I understand the general wisdom of not denormalising information, as you clearly explain in your message, Achim. In my fucntional testing, I certainly suffered from the pain of having to keep my test scripts, maintained with an automated tool, and my related test cases and procedures, maintained with a text editor and/or a spreadsheet, in sync.

However I would like to share the reasons why I found the ancillary textual and tabular information invaluable:
1) Tracking: the automated test tools I used did not have any traceability maintaining and stats producing facilities; just staring at a large number of test script certaimly could not and did not give me an overall view of where the testing effort was at and what needed doing. In other words, a high level management perspective was totally lacking.

2) Monitoring of state of development: different test scripts were in different states in their life cycle (designed, implemented, in regression, etc.) and it would have been impossible for me to figure out which test script was in which state of development if I had not had some external control documents.

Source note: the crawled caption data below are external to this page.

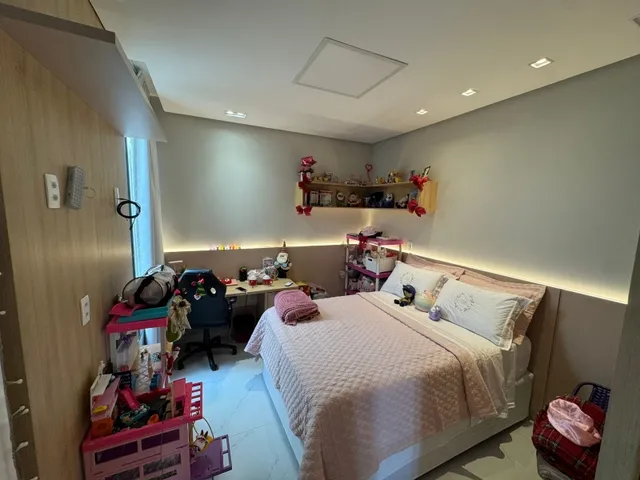 Imagem 5: Casa de Alto Padrão Completa - É Entrar e Morar no Cond. Quinta das Laranjeiras!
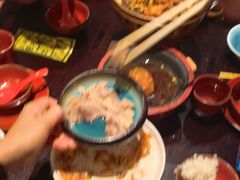 -古都历食南京菜·烤鸭·鸭血粉丝·汤包(南京博物院店)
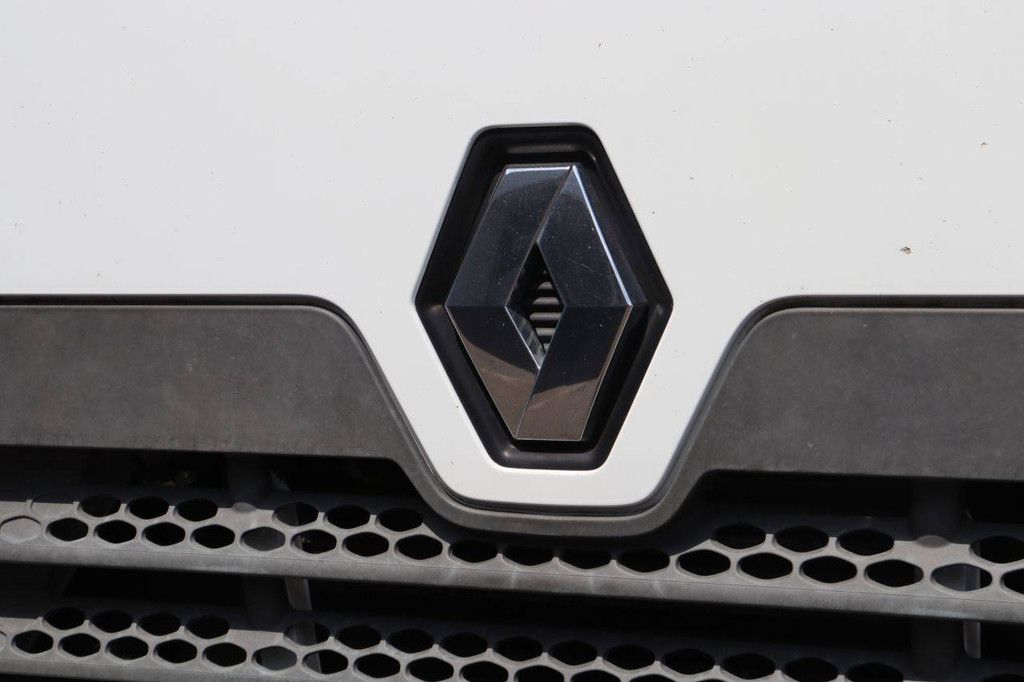 Renault Premium Diesel, 411 PS, Planen-Kastenwagen, Baujahr 2009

3) Coverage: this is really a subset of traceability, which I mentioned above. Since our development was (and still is) use case driven, all functional tests were based on use case flows and scenarios. Figuring out which use case was completely tested in which suite (especially in the case of included or extending use cases) would have been a nightmare without external matrices to specify it.

4) Bug identification: when a script failed in regression, I would go through the test case manually by repeating the steps as defined in the script. Having a textual document that clearly specified startup, steps and all conditions made the task of spotting the bug much much easier.

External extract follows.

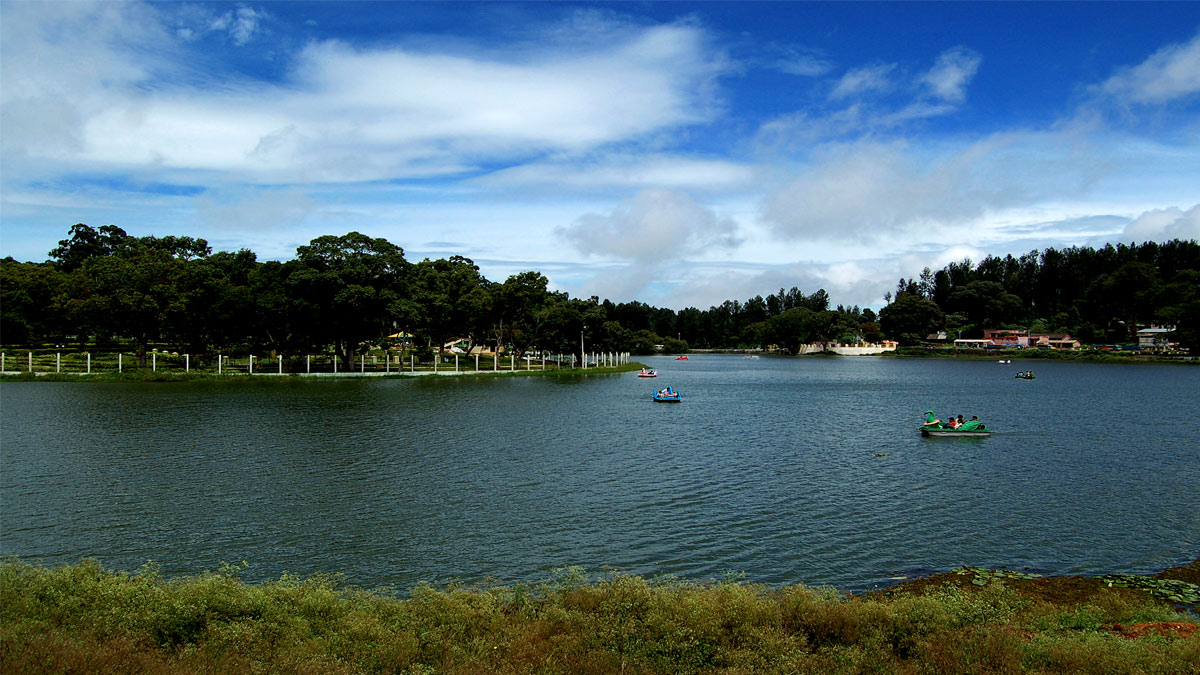 Yercaud in Tamil Nadu ready to welcome tourists with Summer Festival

5) Test script reproducibility: If for any reason my test script got corrupted and I had to reproduce it, again having a detailed test case document to use as my guideline was pretty invaluable.

I understand when you talk about the different consumers of test cases. However I think that, even when an automatic test tool is chosen, as is our case, there are always circumstances in which human interaction or intervention is needed, as I have tried to highlight in my points above. This is why, at my first superficial reading of Testopia, I thought it might have quite a good role to play.

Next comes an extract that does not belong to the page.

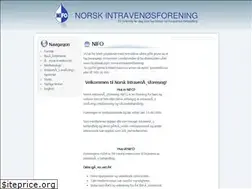 Sites similar to nifo.no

I just thought I would share my findings and my concerns. As I have said many times, my experience of functional testing is limited. Also it may well be that GUIDancer solves all issues I have mentioned above. I am looking forward to Achim's strategy document and his expertise to learn how the issues I have faced and tried to tackle in a simple, time consuming and perhaps naive, way, can be solved in a more automated, less error prone and more elegant fashion. 

Thanks,
B.
 
On 19 Oct 2008, at 15:16, Achim Lörke wrote:

Hi
 
<dogma>
You shall not have different sources for information! (Especially for something as time consuming as test descriptions and test results.)
</dogma>
 
From our experience one has to make a decision: use a tool to describe test cases for consumption by human testers or design automated tests for consumption by a test tool. If you try to do both you will end up with transferring requirements from one database to the other and results/modifications vice versa (just like UML diagrams and source code if not tightly integrated) . The two repositories will invariably drift apart.
 
I have to admit that GUIdancer is not the best tool to describe test cases for humans (documentation support is planned for next year) but it’s doable. Therefore I wouldn’t introduce another tool for test tracking.
 
Achim
 
 
From: ormf-dev-bounces@xxxxxxxxxxx [mailto:ormf-dev-bounces@xxxxxxxxxxx] On Behalf Of Joel Rosi-Schwartz
Sent: Friday, October 17, 2008 11:22 PM
To: The Open Requirements Management Framework project development list
Cc: Webmaster(Matt Ward)
Subject: [ormf-dev] Testopia
 
[Mat - please nix this up front if there is no chance, otherwise we will make an initial evaluation.]
 
Yahya brought up the subject of Testopia last week at the team meeting but I have not had the chance to take a look at it until this evening. I for one misunderstood what is used for. It is not a testing tool, but a test tracking system from Mozilla. From the website:
 
Testopia

Testopia is a test case management extension for Bugzilla. It is designed to be a generic tool for tracking test cases, allowing for testing organizations to integrate bug reporting with their test case run results. Though it is designed with software testing in mind, it can be used to track testing on virtually anything in the engineering process. 
 
It looks as if it may be a useful addition to our testing toolkit, but the problem is that it requires patching Bugzilla. Achim/B. if you want to take a very quick look at it and if you come up with a positive verdict, I can ask the EF Web Masters to consider making it available. As that is a long shot, I would not spend a lot of time up front.